* Exercise goal
Look through the data below for the line with "Pair of Sitzendorf" and the line with "A colorful sign", then output those two and all lines in between, exactly as written.

━━ Data to process

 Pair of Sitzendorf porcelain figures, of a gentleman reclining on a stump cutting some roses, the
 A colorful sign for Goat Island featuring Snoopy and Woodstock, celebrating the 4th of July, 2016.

━━━━
━━ Data to process

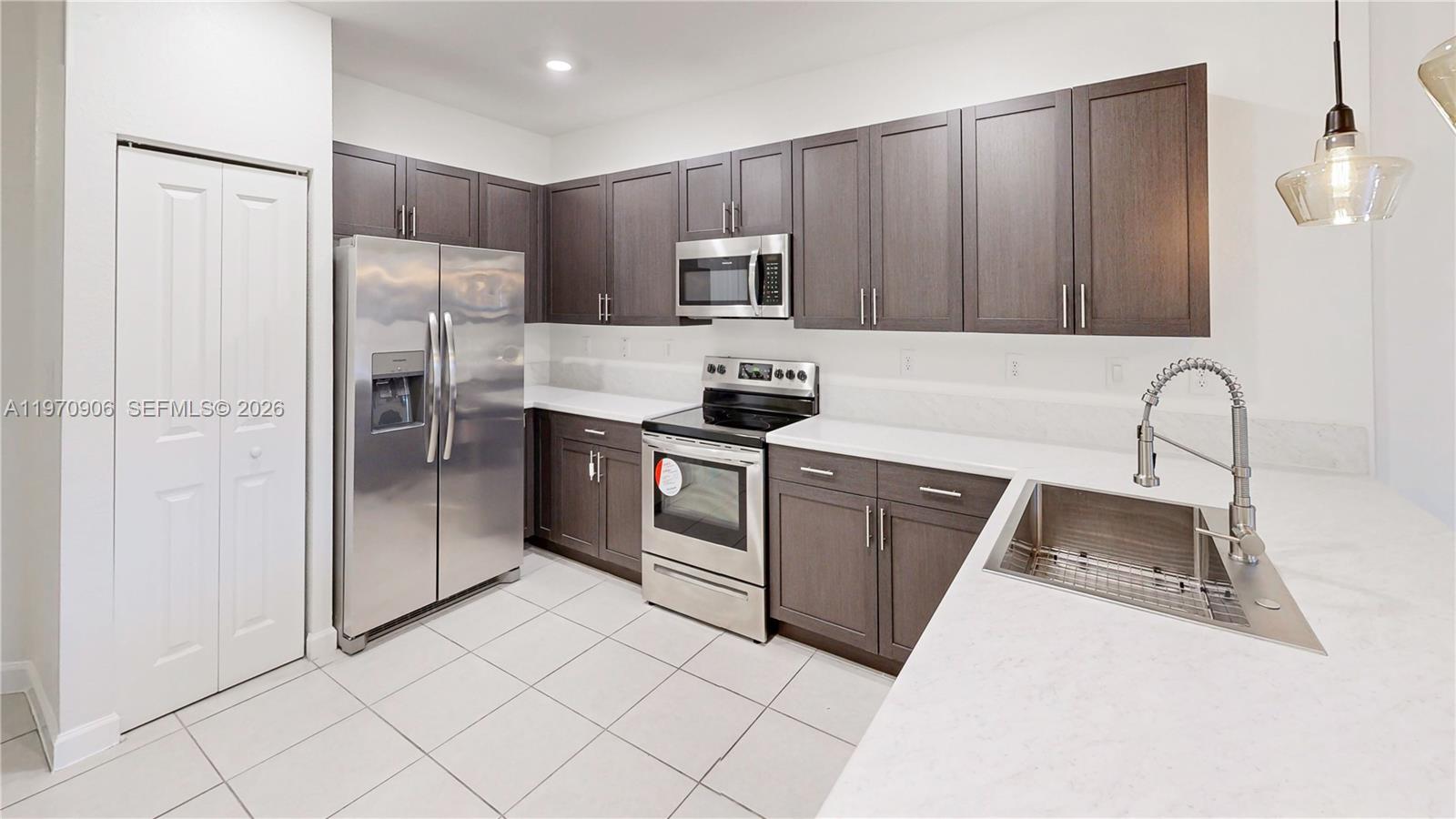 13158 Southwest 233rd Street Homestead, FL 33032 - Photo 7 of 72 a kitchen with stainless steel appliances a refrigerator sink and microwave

━━━━

* Answer below
 Pair of Sitzendorf porcelain figures, of a gentleman reclining on a stump cutting some roses, the
 A colorful sign for Goat Island featuring Snoopy and Woodstock, celebrating the 4th of July, 2016.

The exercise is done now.